### Problem statement
With pictures omitted, restate the data word for word.

··· Raw data ···

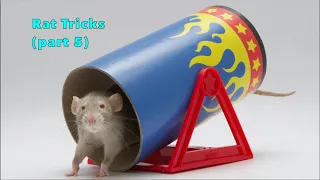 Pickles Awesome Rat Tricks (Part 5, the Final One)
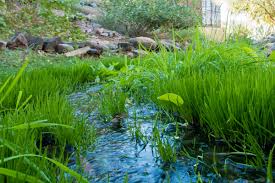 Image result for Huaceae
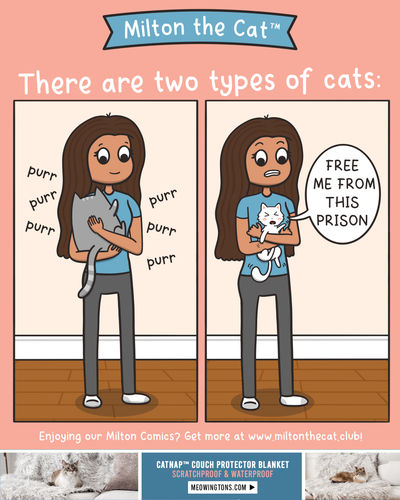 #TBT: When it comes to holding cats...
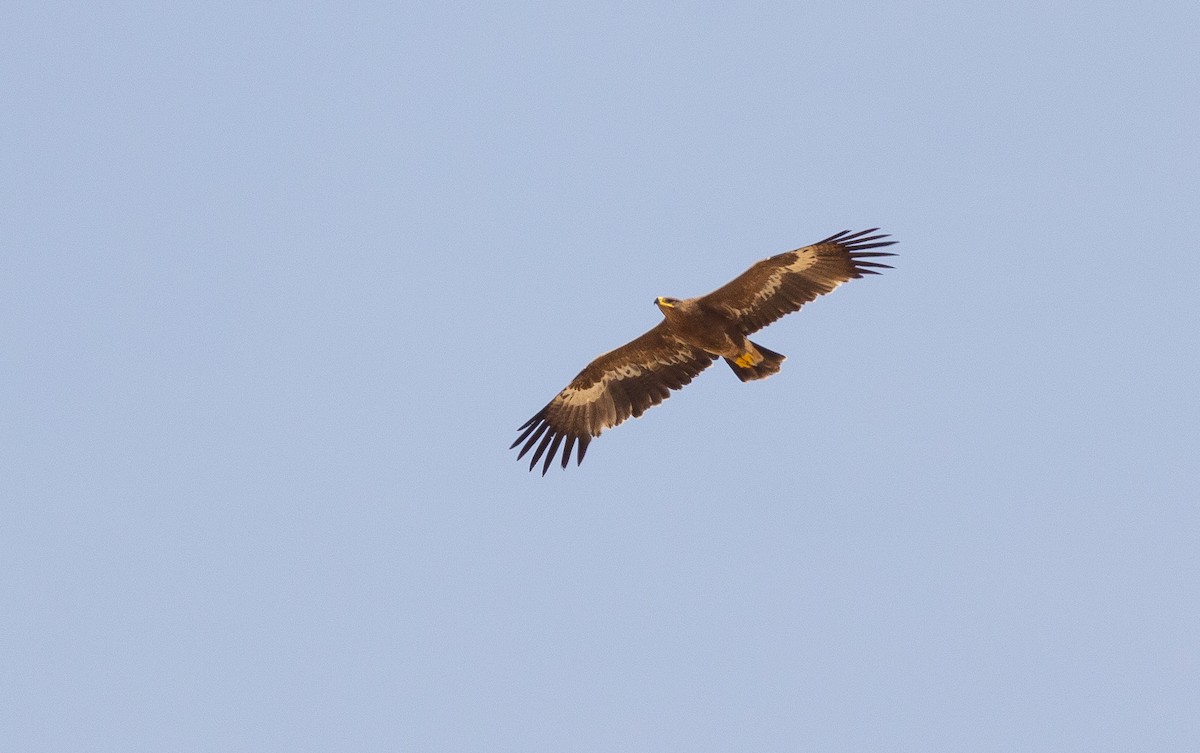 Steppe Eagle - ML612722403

···

### Reply to the task
 Pickles Awesome Rat Tricks (Part 5, the Final One)
 Image result for Huaceae
 #TBT: When it comes to holding cats...
 Steppe Eagle - ML612722403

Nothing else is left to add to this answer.